Task to complete —
What you return should match the data word for word, minus the images.

___ Dataset extract

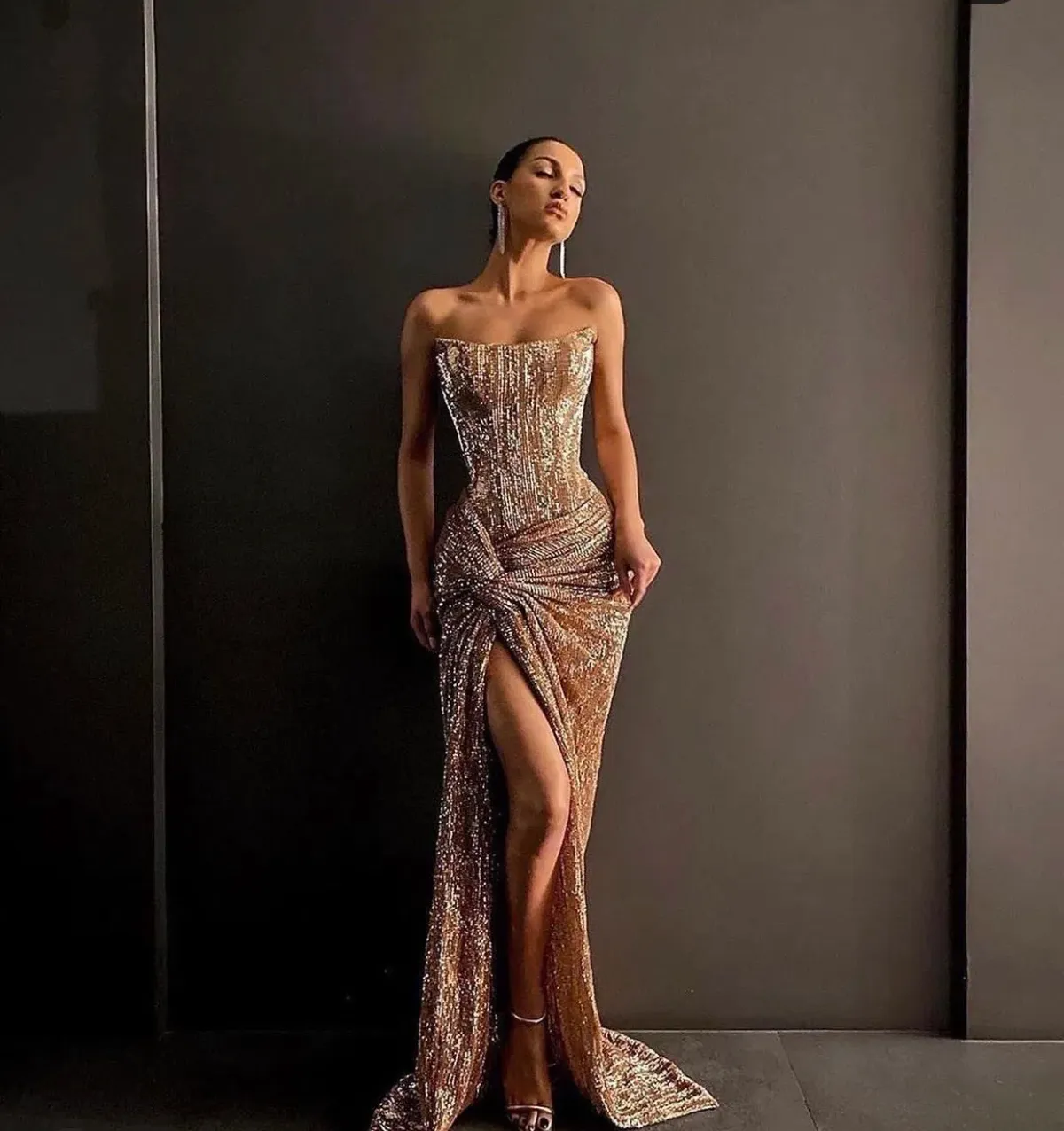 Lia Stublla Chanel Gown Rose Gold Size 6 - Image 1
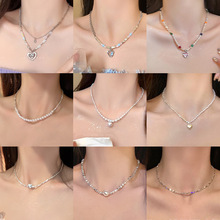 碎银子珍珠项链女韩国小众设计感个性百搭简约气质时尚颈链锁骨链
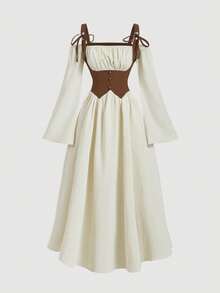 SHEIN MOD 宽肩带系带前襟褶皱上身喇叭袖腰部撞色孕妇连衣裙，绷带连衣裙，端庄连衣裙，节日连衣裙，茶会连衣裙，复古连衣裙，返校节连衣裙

______

Exercise response —
 Lia Stublla Chanel Gown Rose Gold Size 6 - Image 1
 碎银子珍珠项链女韩国小众设计感个性百搭简约气质时尚颈链锁骨链
 SHEIN MOD 宽肩带系带前襟褶皱上身喇叭袖腰部撞色孕妇连衣裙，绷带连衣裙，端庄连衣裙，节日连衣裙，茶会连衣裙，复古连衣裙，返校节连衣裙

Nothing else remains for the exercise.